Being located in Brasov County, Bran Castle Transylvania was first built by the Teutonic Knights in 1212 as a wooden castle guarding an important mountain pass and defend the Southeastern border of Transylvania, but the Mongols destroyed it in 1242.
Saxons of Transylvania
This beautiful medieval castle was first mentioned in the Romanian history in documents from 1377 when the Saxons of Kronstadt built it at their own expense and labor force. The construction was completed in 1388 and it had the role of a military fortress that was standing at the east border of Transylvania, built on a steep cliff between Magura and Dealul Cetatii. Furthermore, the castle was used as a goods trade pass as well.
John Hunyadi (Iancu de Hunedoara)
The castle was given to Prince Mircea from Sigismund of Luxembourg as an exchange of loyalty. After the Prince’s death in 1419, the castle was given to the princes of Transylvania. Iancu de Hunedoara defeated the Turks in Bran in 1441 and strengthened the rapport with the people from Brasov.
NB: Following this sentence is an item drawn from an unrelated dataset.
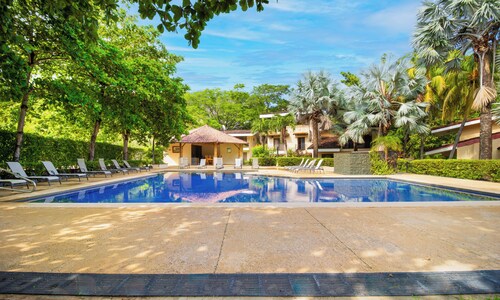 Ocotal Beach House - Family Friendly & Only a Block To The Beach!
Besides playing an important military role in the history of Romania, Bran Castle also had a commercial purpose. Being placed at the border of two important regions, it provided safe passage from one location to another. Therefore, it improved the relations and economic development of both Wallachia and Transylvania.
Vlad the Impaler
As time passed, and military conflicts intensified, the castle was heavily fortified and used over the ages as a defensive position against the invading Ottoman Empire. Despite popular belief, the real story is that Vlad the Impaler (Vlad Tepes) had little to do with the castle, although he passed through the area occasionally.
During his first and second reign, Vlad Tepes handled the situation at the border and was allied with Bran. Later on because of Saxon's request to raise the taxes and for supporting one of his opponents, the voivode attacked Brasov in 1459 and murdered hundreds of Saxons.
1498 – 1691
In 1498 Brasov bought the right to use the castle for 10 years. Even after Transylvania became a part of the Habsburg Empire in 1687, the right for the castle to the Prices of Transylvania was reconfirmed by the Leopold Diploma.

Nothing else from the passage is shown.